There has been more blood and ink spilled over the practice of judging others. Some adamantly claim that we are not to judge, as if judging others were the one unforgivable sin… and there is scripture they use to justify their belief. Then there are those who would use the same scripture to justify their belief that we have been created and chosen for the purpose of judging between right and wrong. Each side glares judgmentally at one another and draw their lines in the sand while Christ looks on shaking His head at us.

It cannot be denied that God judges between right and wrong, or more precisely, He separates them. We see it as His first act, separating light from dark, His calling out Noah, Abraham, the Exodus of the Hebrews from Egypt, all the way up to and through Jesus Christ on Judgment Day. God judges. He killed every firstborn person and livestock in Egypt to show them that He distinguished between the Egyptians and Hebrews.

While we are certainly called to be holy people – separated out ourselves, there is a difference between standing apart as a witness, and taking the action of separating into our own hands. We cannot separate light from dark. We do not have that power. We cannot separate good from evil, either within individual people, or within groups of people. When we do, we get it all wrong, and it simply becomes prejudice, bigotry, and hatred. We, like the Pharisees may call ourselves holy, but when our holiness only vilifies the world around us, instead of bringing it closer to God, we only fool ourselves.

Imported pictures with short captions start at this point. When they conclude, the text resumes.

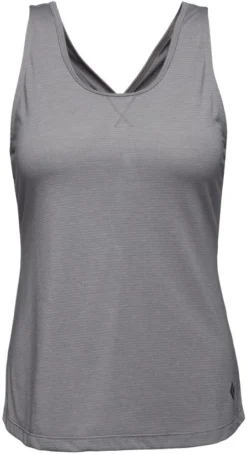 Tanktop Black Diamond Women Splitter Tank Pewter Stripe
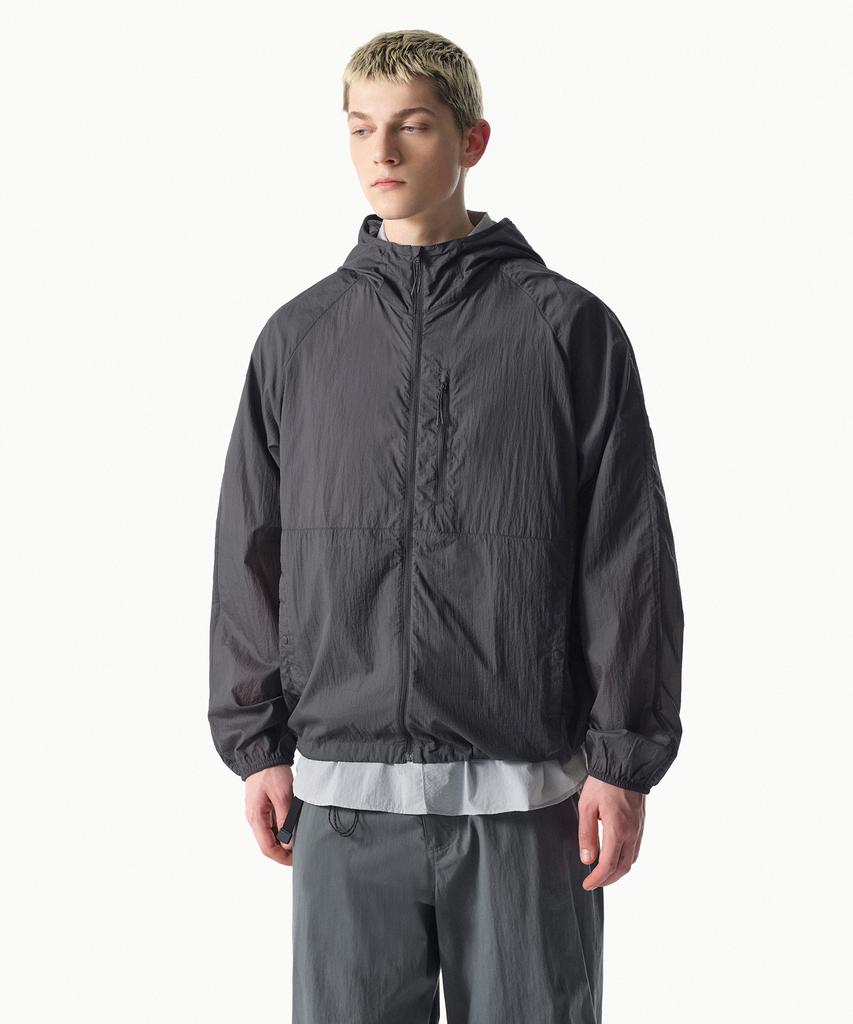 Musinsa Standard [City Leisure] Lightweight Packable Windbreaker Jacket 2 [Grey]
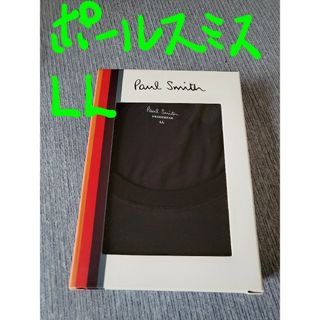 ポールスミス(Paul Smith)の定価3630円‼️Paul Smith クルーネックTシャツ/黒/LL/新品(Tシャツ/カットソー(半袖/袖なし))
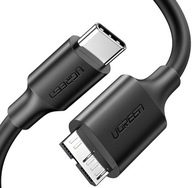 USB C - micro USB 3.0 KÁBEL pre 1m UGREEN disk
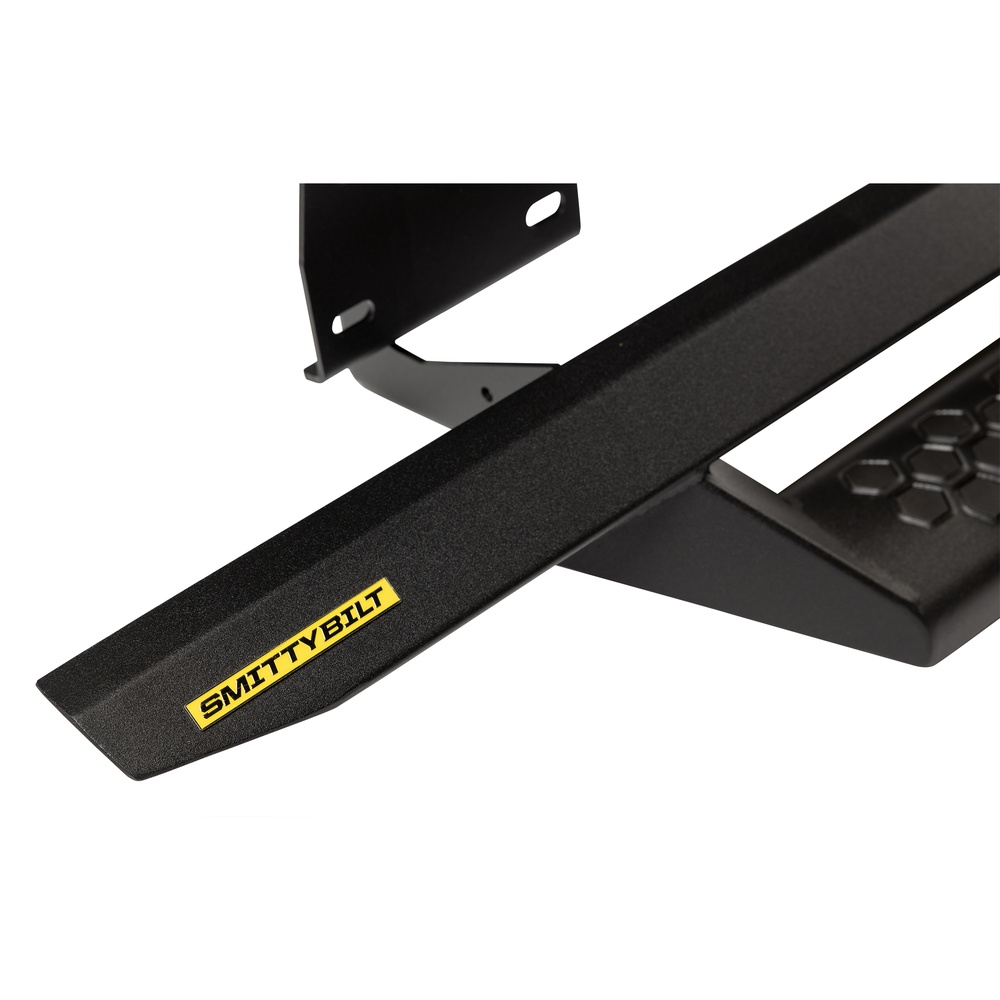 Angular Drop Steps – Textured Black (20+ JT) view 2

As Jesus pointed out, {anyone can love their friends…]( It is our love, not our judgment that truly separates us out, and it is love, not judgment that truly brings people out with us.Tweet: It is our love, not our judgment that truly separates us out, and it is love, not judgment that truly brings people out with us.

What has God separated you from?

When are you tempted to become a separator yourself?

How does Jesus speak about your place and purpose in this world?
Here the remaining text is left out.